Though we’ve never actually met, I consider Michael Brendan Dougherty a friend and fellow traveler. I think he has written a very important column about the Trump phenomenon, one that’s especially so because he’s a paleocon who doesn’t have much use for the Republican Party. Excerpt:
The conservative movement’s resistance to Donald Trump has been almost completely ineffectual. And at times, they let Trump’s incoherence become the basis for making their own criticisms of him incoherent. Consider how normal people might react to hearing Trump accused of being at once a liberal Democrat like Obama and a European fascist. But in the last few days, perhaps too late, that movement and their champion, Marco Rubio, have finally hit upon the truth about Trump: He’s a fraud.

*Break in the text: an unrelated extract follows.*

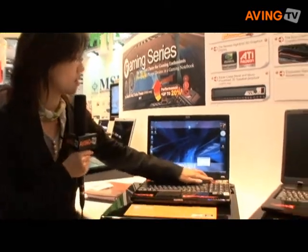The GX600 is MSI's first worldwide overclocking notebook. With these turbo buttons, when you press the button, the CPU performance will increase by 20% higher. So let's see.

That line of attack has the virtue of truth, and people tempted to throw in with Trump should consider it. Many people in or around the conservative movement — people I know — are so disgusted with the political and intellectual atrophy of the Republican Party and the conservative movement that they are anxious to blow the whole thing up via Donald Trump’s candidacy. They believe Trump’s verbal crudity is a small price to pay to break up the civilized crudities that pass as normal conservative politics, like the desire to launch more wars of choice in the Middle East, or the American economic and immigration policies that enrich elite clients and leave the average Trump supporter worse off. I wouldn’t begin trying to argue that such people should support Marco Rubio or Hillary Clinton. Just don’t actually support Donald Trump; he will make a fool of you.
Read the whole thing.
At this point, I think we have to presume that Trump will get the GOP nomination. How in the hell are the Republicans going to have a convention when the entire party’s institutional apparatus hates his guts?
If he is the nominee, I am by no means confident that Hillary Clinton will beat him. What happens if Trump becomes president, and can’t fulfill his far-reaching promises? What do those who voted for him do? What happens to our politics? It will be fascinating, and more than a little unnerving, to observe how a President Trump, feared and loathed by so many, including in his own party, would govern.

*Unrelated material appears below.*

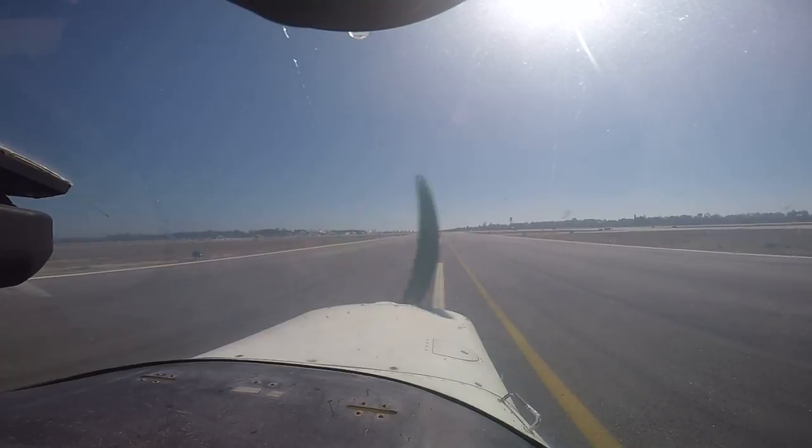Runway matches heading indicator and compass — everything is correct. That other airplane just landed to our right. We're going to take off then turn right heading 2-0-0. Tower: 1-7-Lima, runway 1-5 right, cleared for takeoff. 1-5 right, cleared for takeoff, 1-7-Lima.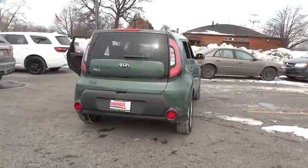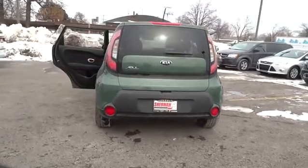This vehicle has less than 9,000 miles. Here are some of this vehicle's great options.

It is impossible to escape the conclusion that we are headed into a period of great instability in American politics, no matter how this primary season and the fall election turn out. If Hillary beats Trump this fall, the mood in the country will be so foul that she will have trouble governing too, I think. And what kind of opposition will the Congressional Republicans, shell-shocked by such a resounding repudiation by a majority of their own voters, be able to muster?

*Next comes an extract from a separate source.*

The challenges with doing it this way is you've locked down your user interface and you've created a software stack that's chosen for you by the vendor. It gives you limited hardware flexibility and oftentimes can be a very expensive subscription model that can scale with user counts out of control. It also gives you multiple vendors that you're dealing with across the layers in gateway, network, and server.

Strange days indeed. Also, please read Andrew Bacevich’s take on Trumpism, published on TAC today. TAC readers will know that Bacevich is no GOP shill, and has been a principled critic of US war policy from a realist point of view. Excerpt:
If Trump secures the Republican nomination, now an increasingly imaginable prospect, the party is likely to implode. Whatever rump organization survives will have forfeited any remaining claim to represent principled conservatism.
None of this will matter to Trump, however. He is no conservative and Trumpism requires no party. Even if some new institutional alternative to conventional liberalism eventually emerges, the two-party system that has long defined the landscape of American politics will be gone for good.
Should Trump or a Trump mini-me ultimately succeed in capturing the presidency, a possibility that can no longer be dismissed out of hand, the effects will be even more profound. In all but name, the United States will cease to be a constitutional republic. Once President Trump inevitably declares that he alone expresses the popular will, Americans will find that they have traded the rule of law for a version of caudillismo. Trump’s Washington could come to resemble Buenos Aires in the days of Juan Perón, with Melania a suitably glamorous stand-in for Evita, and plebiscites suitably glamorous stand-ins for elections.
That a considerable number of Americans appear to welcome this prospect may seem inexplicable. Yet reason enough exists for their disenchantment. American democracy has been decaying for decades. The people know that they are no longer truly sovereign. They know that the apparatus of power, both public and private, does not promote the common good, itself a concept that has become obsolete. They have had their fill of irresponsibility, lack of accountability, incompetence, and the bad times that increasingly seem to go with them.
Trump is Nemesis to the Establishment’s hubris. Democrats who chortle at the (deserved) misfortune of the Republican Party are whistling past the graveyard.